When we look at Eastern Churches we see something different. The liturgies have been translated into the vernacular; in the ones I have attended, into understandable but elegant English. The laity sing the chants along with the ordained ministers. The iconostases are open and lower than the ‘traditional’ ‘image-wall’ iconostasis seen above - sometimes more like an English medieval rood screen, and the Royal Doors at least are made in such a way as to to allow the altar to be seen during the whole Liturgy. The prayers of the clergy can be heard and understood. The “spirit” of these changes, if I can use that phrase, is therefore closer to those which the Fathers of the Second Vatican Council hoped for in the Roman Mass. Furthermore, these have been implemented by Orthodox Churches that do not consider themselves bound by the Council (and very likely in most cases by people who have never read it or even thought about doing so).

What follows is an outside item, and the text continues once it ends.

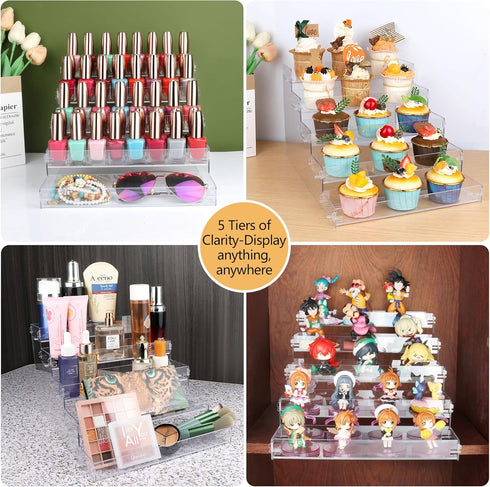 Spice Rack,No Tool Needed & No Pungent Acrylic Glue Self-derived Snap On Assembly Spice Shelf Pantry Kitchen Cabinet Organizer 10 in for Jars,Baki...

A modern Greek Orthodox church in Shrewsbury, England.
A modern iconostasis at the Russian Orthodox church of St Nicholas in Amsterdam.
The effect of Schmemann on the Eastern Catholic Churches is just as notable. I am told that if you had gone into a Byzantine Catholic church in the 1950s, you would have seen something different from the Orthodox liturgies that Schmemann was criticizing. It would most likely have been a highly Romanized version of the Divine Liturgy, very close in style and content to a Roman Mass. Now, you are more likely to see a reformed Divine Liturgy which is purged of its Roman influence and reflects the ‘Eastern Ressourcement’ influence of Schmemann. These Churches do recognize Vatican II, but in this case the Council had very little to say about them (although what was said was very positive). The changes in the liturgy conform to an instruction that was part of a single sentence in Orientalium Ecclesiarum, the decree of the Council, promulgated in 1964 to the Eastern Church. It declared:
...it is the mind of the Catholic Church that each individual Church or Rite should retain its traditions whole and entire and likewise that it should adapt its way of life to the different needs of time and place. (2).
The fact that a single sentence of instruction can bear such fruit undermines the argument of some critics of the Council, that it was deliberately written in a tone of aggressive ambiguity in order to sow confusion. It suggests, on the contrary, that there was more than sufficient detail addressed to the Roman Church, if one accepts and genuinely takes the trouble to try to understand what was said. No matter how clearly articulated, and detailed the language of the Constitutions, if on the other hand, people are disposed willfully to misinterpret or ignore the text, they will do so. And this, I suggest, is what has happened.

A number of thoughts arise from this. First, Schmemann was part of the expatriate community in Paris in the mid-20th century that included the great figures that re-established the traditional forms of the iconographic tradition, such as Ouspensky, Kroug, Lossky, and Evdokimov. It strikes me as no accident that a reform of the liturgy and a reform of the culture of faith go hand in hand. The approach to tradition and its relation to modernity is driven by the same principle, which is exactly what I learned in my icon painting classes with Aidan Hart. There has been a similar flourishing of Orthodox architecture and music. All of this is still largely absent in the Western Church, where we swing between the poles of historicism and liberalism. If we are to evangelize the culture of the West, we still need, I believe, that liturgical reform. Neither the Tridentine Mass circa 1955 nor the standard suburban rite, circa 1970 can drive it, in my opinion.

Second, it does beg the question: why have Eastern Churches reformed their liturgies successfully with little or no input from the Council, while the Roman Church, to which most of what the Council had to say was directed, has failed so spectacularly?
I have some thoughts on this, which I will address in a future blog post. (However, I would say that one factor is the difference in governance as highlighted in Everything Hidden Shall Be Revealed, Ridding the Church of Abuses of Sex and Power by Adam DeVille, published by Angelico Press.)